[Dataset items]
○ ○ ○ ○

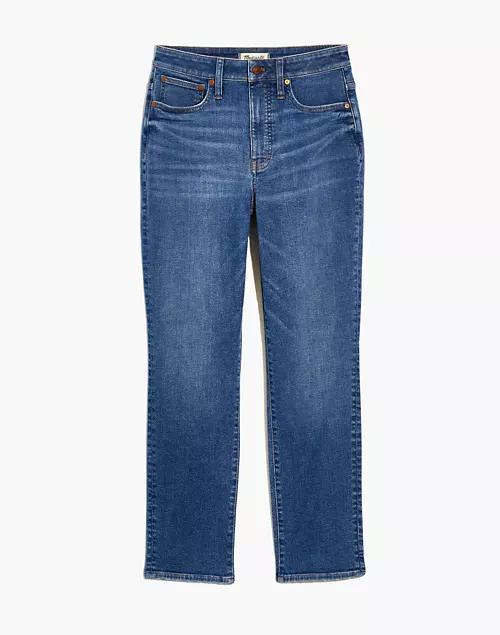 The Perfect Vintage Jean in Finney Wash商品第5张图片规格展示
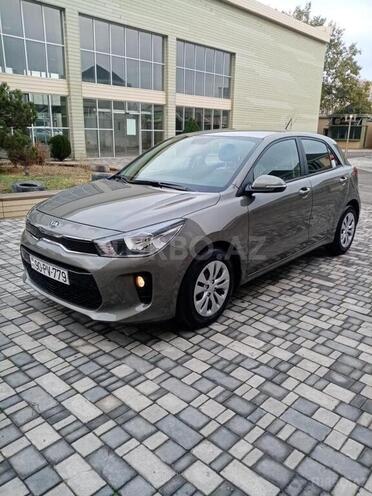 Kia Rio 2017, 51,000 km - 1.4 л - Bakı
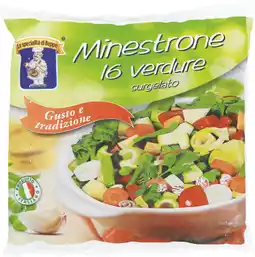 MD Discount MINESTRONE offerta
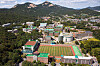 Sahmyook University's campus in Nowon District, northern Seoul [SAHMYOOK UNIVERSITY]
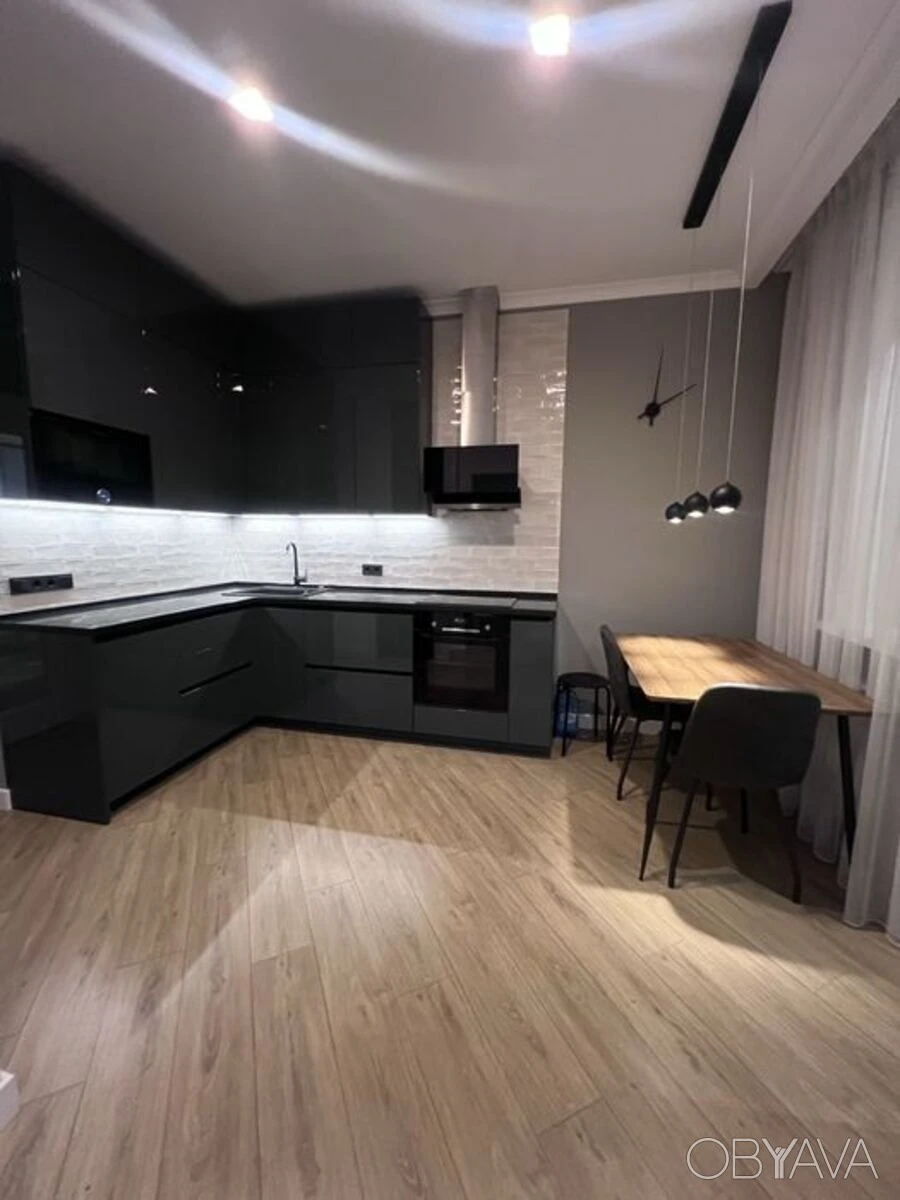1-комнатная квартира, 60 кв.м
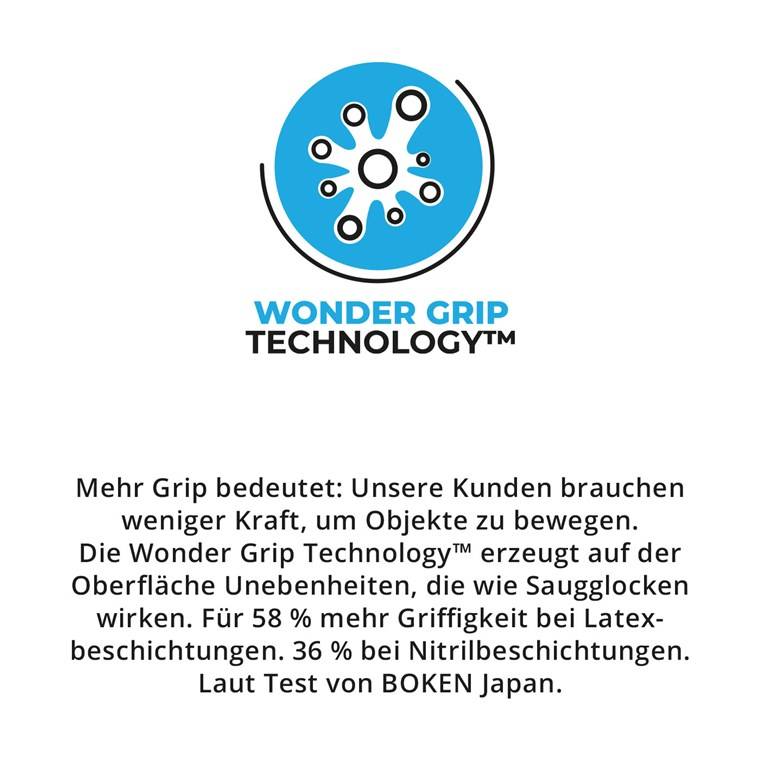 6959234408714 - Wonder Grip Opty OP-650 M 8 weiß Retail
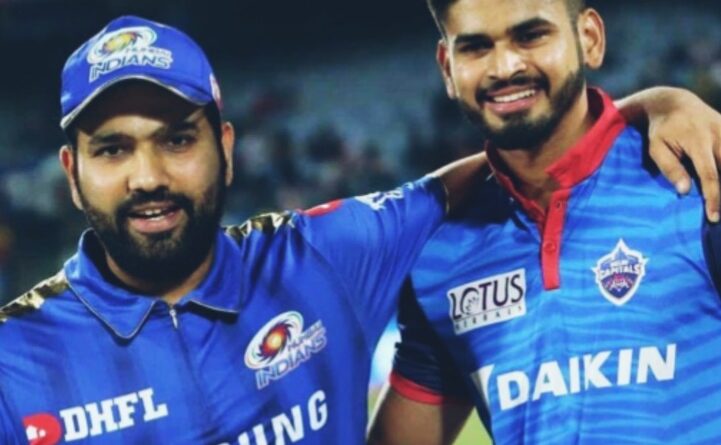 Rohit Sharma and Shrеyas Iyеr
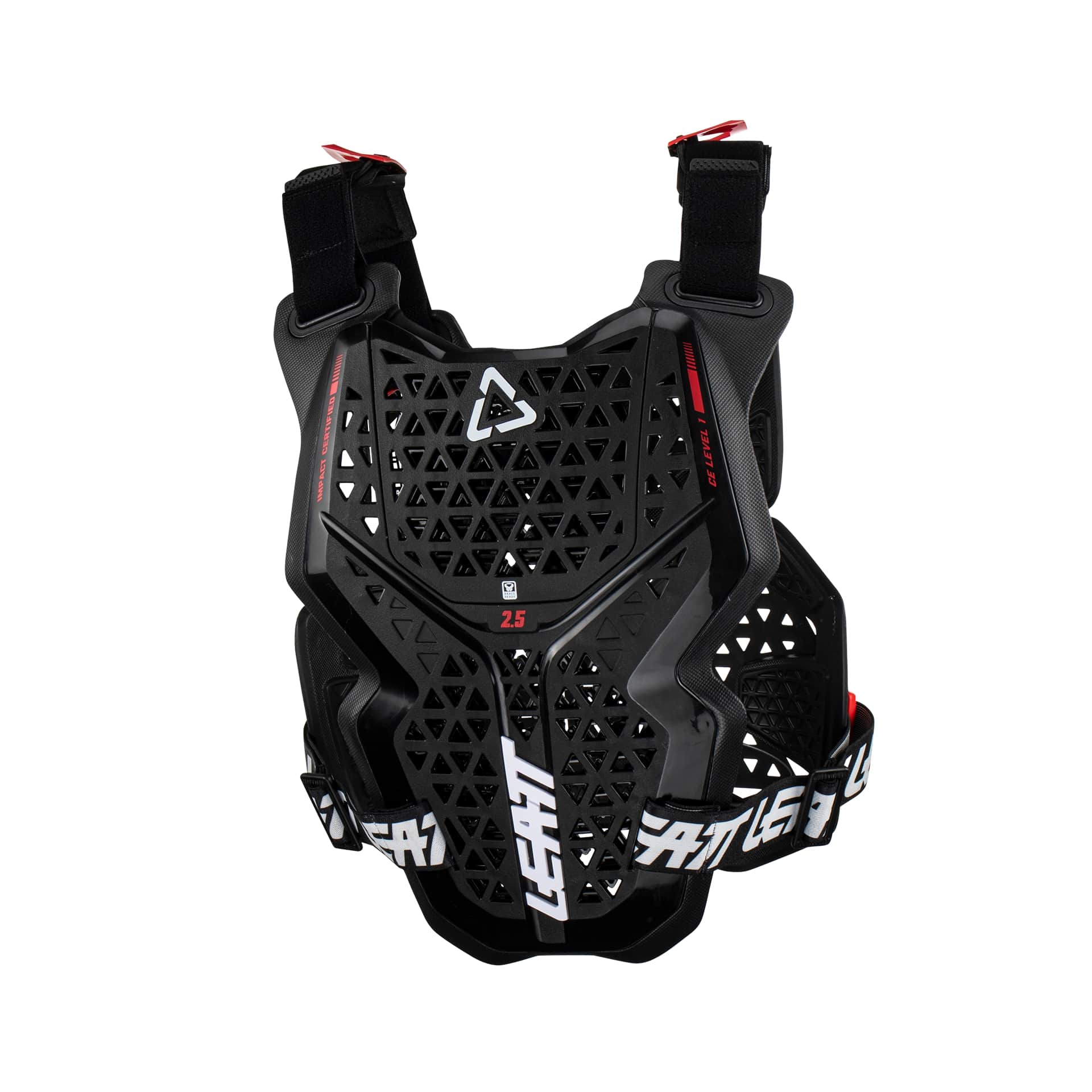 Protezione torace e schiena Chest Protector 2.5 ventilata e confortevole
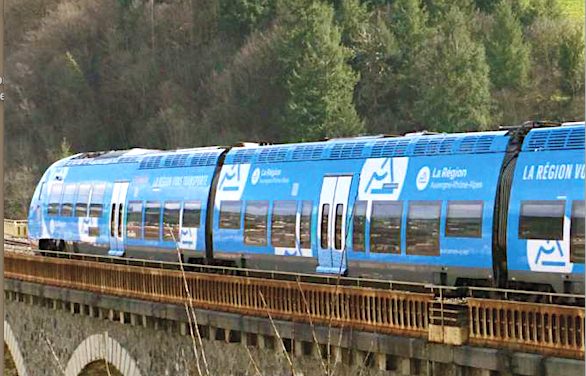 Pour pallier la chute de trafic des TER (- 80 % !), la Région propose 400 000 billets à prix mini cet été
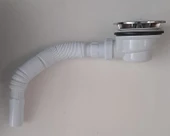 KROM DUŞ TROBLENİ 120 LİK TASLI KÖRÜKLÜ Ø 32 LİK ÇIKIŞLI ( ASET ) thumbnail 3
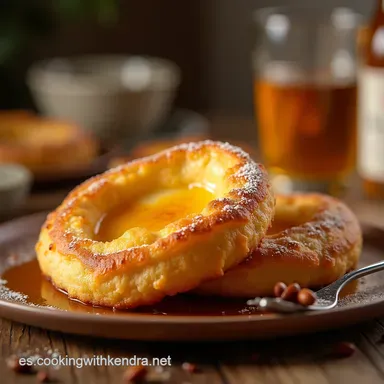 Torrijas al Horno Receta Jugosa y Saludable Sin Fre&iacute;r Tarjeta de receta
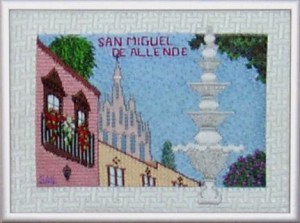 Postcard from Paradise - San Miguel de Allende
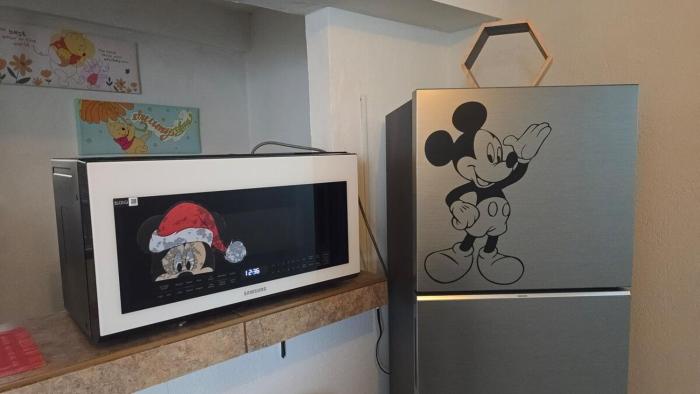 Magico Mickey & Stitch Departamento Tematico with Kitchen and WiFi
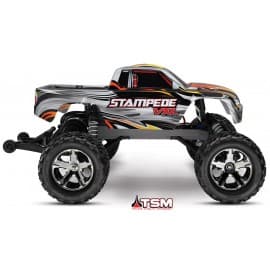 Traxxas Stampede VXL 1/10 RTR 2WD Monster Truck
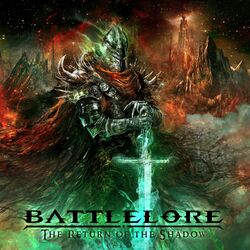 Cover of The Return of the Shadow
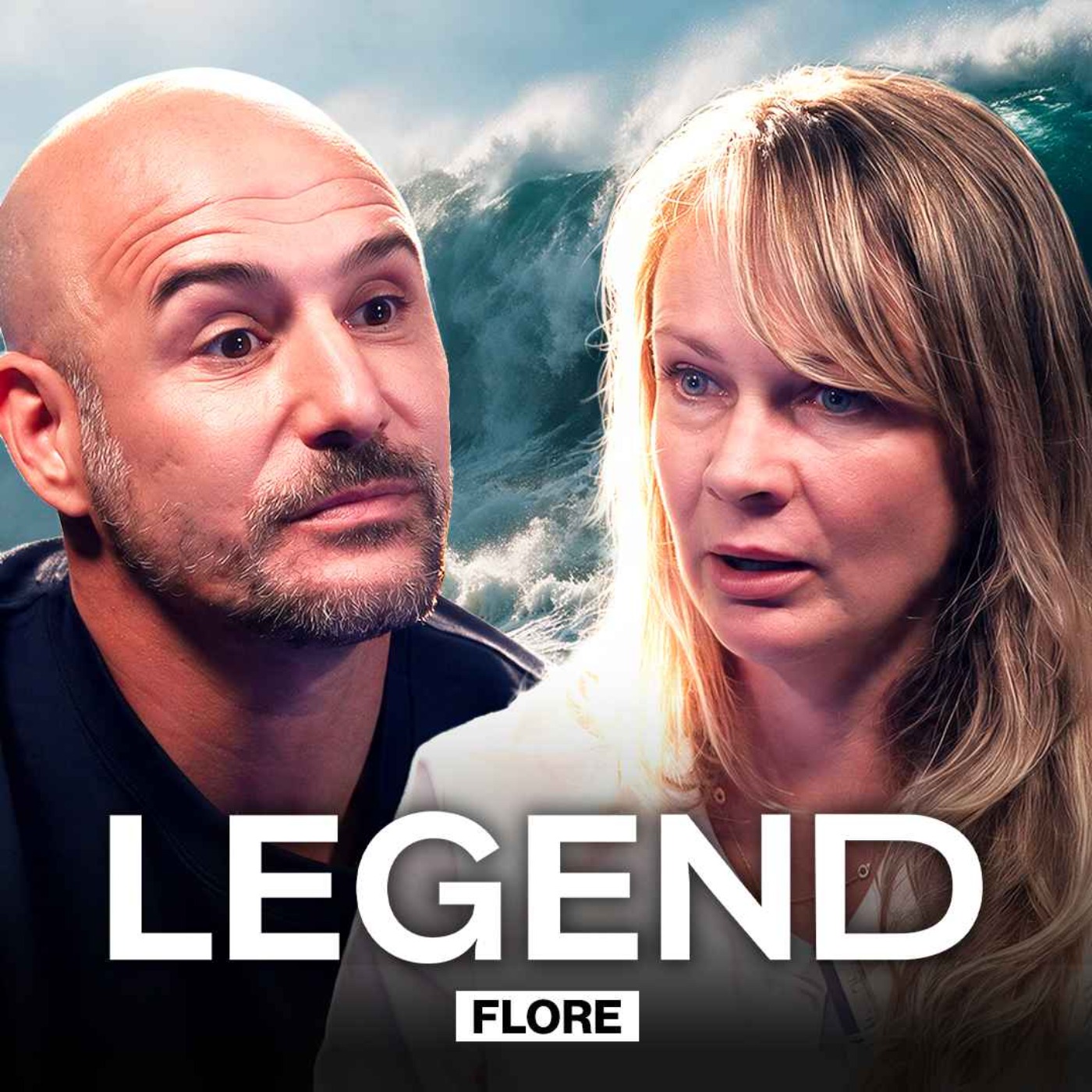 LEGEND - SURVIVANTE DU TSUNAMI : ELLE RACONTE LE JOUR OÙ LA VAGUE A EMPORTÉ TOUTE SA FAMILLE episode artwork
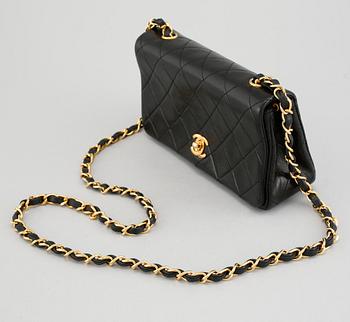 VÄSKA, "Mini Flap", Chanel.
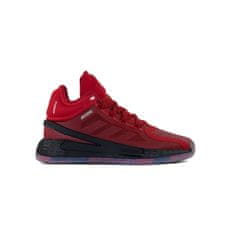 Adidas Boty červené 42 2/3 EU D Rose 11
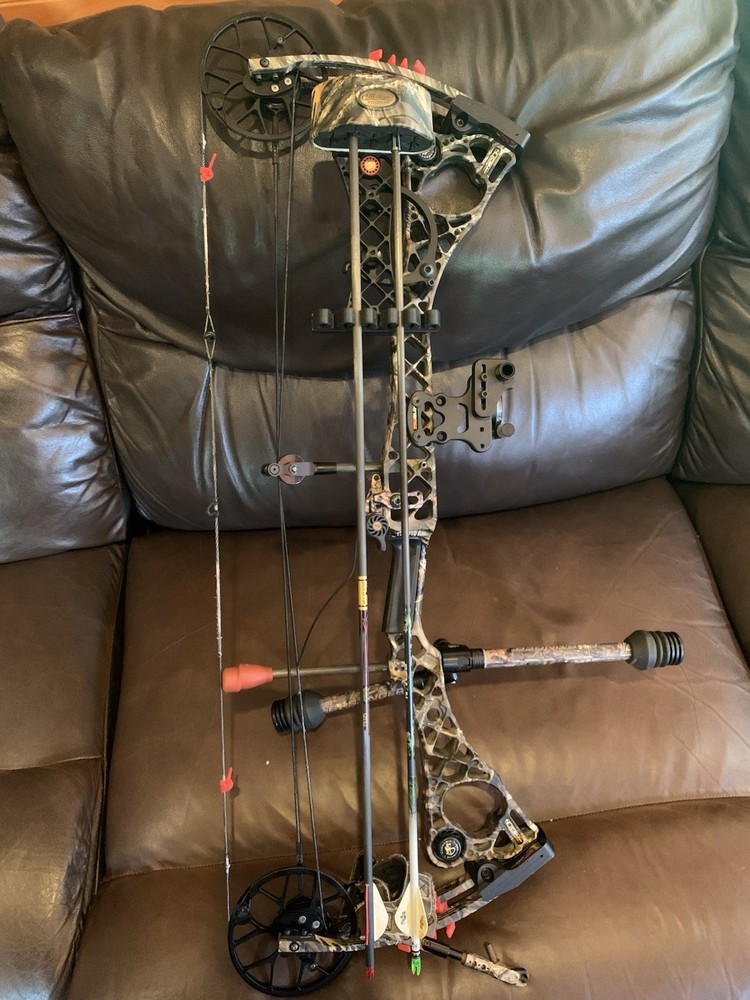 Mathews No Cam HTX Compound Bow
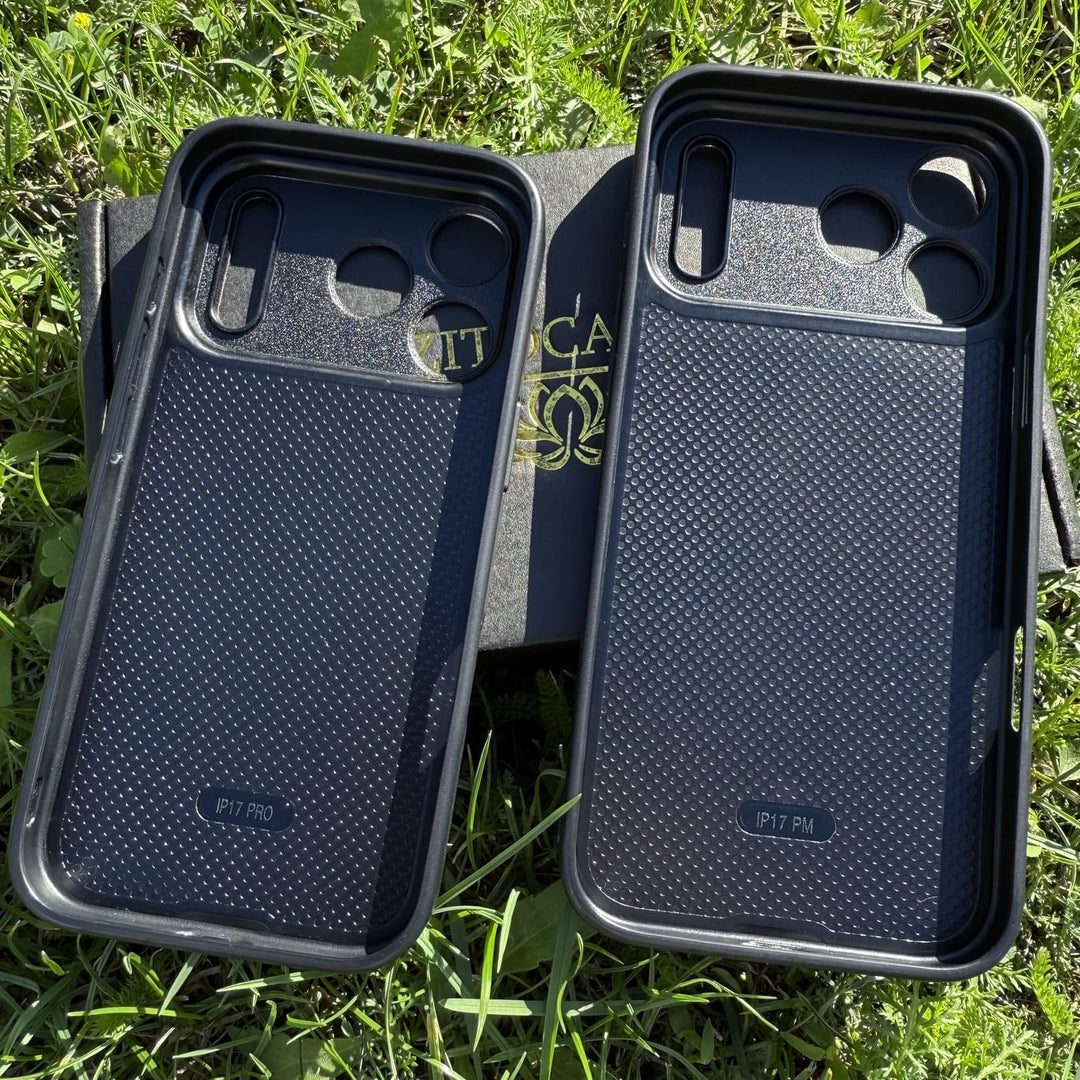 Mikrofaser Soft Hülle/Case für iPhone 17 Pro, 17 Pro Max | ZITOCASES®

○ ○ ○ ○

EXERCISE BRIEF: Using the data above, transcribe exactly the lines between those containing "Sahmyook University's campus" and "Postcard from Paradise", inclusive, and leave every picture behind.

SOLUTION TO THIS PROBLEM:
 Sahmyook University's campus in Nowon District, northern Seoul [SAHMYOOK UNIVERSITY]
1-комнатная квартира, 60 кв.м
 6959234408714 - Wonder Grip Opty OP-650 M 8 weiß Retail
 Rohit Sharma and Shrеyas Iyеr
 Protezione torace e schiena Chest Protector 2.5 ventilata e confortevole
 Pour pallier la chute de trafic des TER (- 80 % !), la Région propose 400 000 billets à prix mini cet été
 KROM DUŞ TROBLENİ 120 LİK TASLI KÖRÜKLÜ Ø 32 LİK ÇIKIŞLI ( ASET ) thumbnail 3
 Torrijas al Horno Receta Jugosa y Saludable Sin Fre&iacute;r Tarjeta de receta
 Postcard from Paradise - San Miguel de Allende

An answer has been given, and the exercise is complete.